Bryn Healy ’24
News Editor
Former president Donald Trump was indicted by a New York grand jury on March 30, 2023, making him the first president or ex-president to be indicted for a crime. According to NBC News, Trump is expected to be arraigned in front of Justice Juan Merchan after surrendering to the Manhattan District Attorney (DA), the DA who brought the case against the president, on Tuesday, April 4, 2023. This indictment charges the former president with more than two dozen counts, according to The New York Times, including campaign finance violations connected with Trump’s hush-money payment towards pornographic film actress Stormy Daniels.
In 2016, Trump hired Michael Cohen to pay off Daniels to keep quiet about their alleged affair. Trump and his organization allegedly falsely classified the money they paid and attempted to cover the situation up according to The New York Times.
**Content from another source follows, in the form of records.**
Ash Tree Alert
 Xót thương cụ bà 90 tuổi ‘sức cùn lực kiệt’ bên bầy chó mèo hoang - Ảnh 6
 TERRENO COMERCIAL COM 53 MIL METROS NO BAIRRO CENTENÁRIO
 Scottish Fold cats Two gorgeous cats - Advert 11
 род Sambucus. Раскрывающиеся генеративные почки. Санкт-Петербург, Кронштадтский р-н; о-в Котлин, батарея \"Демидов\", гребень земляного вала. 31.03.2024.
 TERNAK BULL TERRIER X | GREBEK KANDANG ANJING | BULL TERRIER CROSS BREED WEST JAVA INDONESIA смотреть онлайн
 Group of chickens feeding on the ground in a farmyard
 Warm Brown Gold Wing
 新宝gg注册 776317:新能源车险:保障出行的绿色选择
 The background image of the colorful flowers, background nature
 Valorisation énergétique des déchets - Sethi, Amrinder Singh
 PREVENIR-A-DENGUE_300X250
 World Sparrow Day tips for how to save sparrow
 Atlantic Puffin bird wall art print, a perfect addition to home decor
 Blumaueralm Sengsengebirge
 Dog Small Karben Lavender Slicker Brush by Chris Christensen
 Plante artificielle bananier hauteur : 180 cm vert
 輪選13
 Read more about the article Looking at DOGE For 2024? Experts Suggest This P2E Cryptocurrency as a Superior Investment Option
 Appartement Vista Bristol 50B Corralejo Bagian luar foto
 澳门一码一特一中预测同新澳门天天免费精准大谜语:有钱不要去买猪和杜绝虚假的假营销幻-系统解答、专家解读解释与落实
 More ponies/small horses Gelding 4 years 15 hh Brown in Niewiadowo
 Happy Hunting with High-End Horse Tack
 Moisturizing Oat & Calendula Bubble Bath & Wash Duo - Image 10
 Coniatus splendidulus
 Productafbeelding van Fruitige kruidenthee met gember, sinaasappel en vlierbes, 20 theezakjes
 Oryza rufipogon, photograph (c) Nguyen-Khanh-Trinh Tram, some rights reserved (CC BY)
The specifics of the more than two dozen charges are not known at this time.
Michael Cohen, the former president’s former lawyer, was sentenced to 3 years in prison for the same payment in 2018. At the time, according to NBC, Cohen blamed Trump and his loyalty to the man for causing him to “choose darkness over light.”
Assistant Professor of Politics Joanna Wuest explained the significance of this moment. “When Richard Nixon’s aides were indicted in 1974 and a grand jury considered indicting the president himself, it wasn’t long before the president resigned from office, essentially disappearing from national party leadership.”
“With Trump, it remains very possible that the indictment might benefit him politically on the 2024 campaign trail,” Wuest continued, “given the former president’s consistent claims that corrupt elites are attempting to stifle his so-called populist struggle for power.”
Former Vice President Mike Pence released a statement, as described by the Hill. “The unprecedented indictment of a former president of the United States on a campaign finance issue is an outrage. And it appears to millions of Americans to be nothing more than a political prosecution that’s driven by a prosecutor who literally ran for office on a pledge to indict the former president.”
“Well, we’re in uncharted waters here, and there’s still a lot we don’t know,” Adam Hilton, a Mount Holyoke assistant professor of politics, explained. “Never before has a former U.S. president been indicted on criminal charges, and the details of the charges have yet to be unsealed. But, whatever the merits of this particular case, and there are additional, likely more serious indictments pending, the indictment marks a historic turning point in American politics. Even before the Trump presidency, the U.S. constitutional regime has been beset by rule-bending and norm-breaking behavior. Now, another norm has been broken. What we don’t know yet is whether this breach of tradition will further erode the stability of our democracy or potentially help strengthen it.”
Trump’s attorneys released a statement announcing that they plan to fight the indictment in court. The former president, according to The Guardian, is still under three other legal investigations and a defamation trial. Being indicted has no impact on Trump’s ability to run in the 2024 presidential election as a candidate.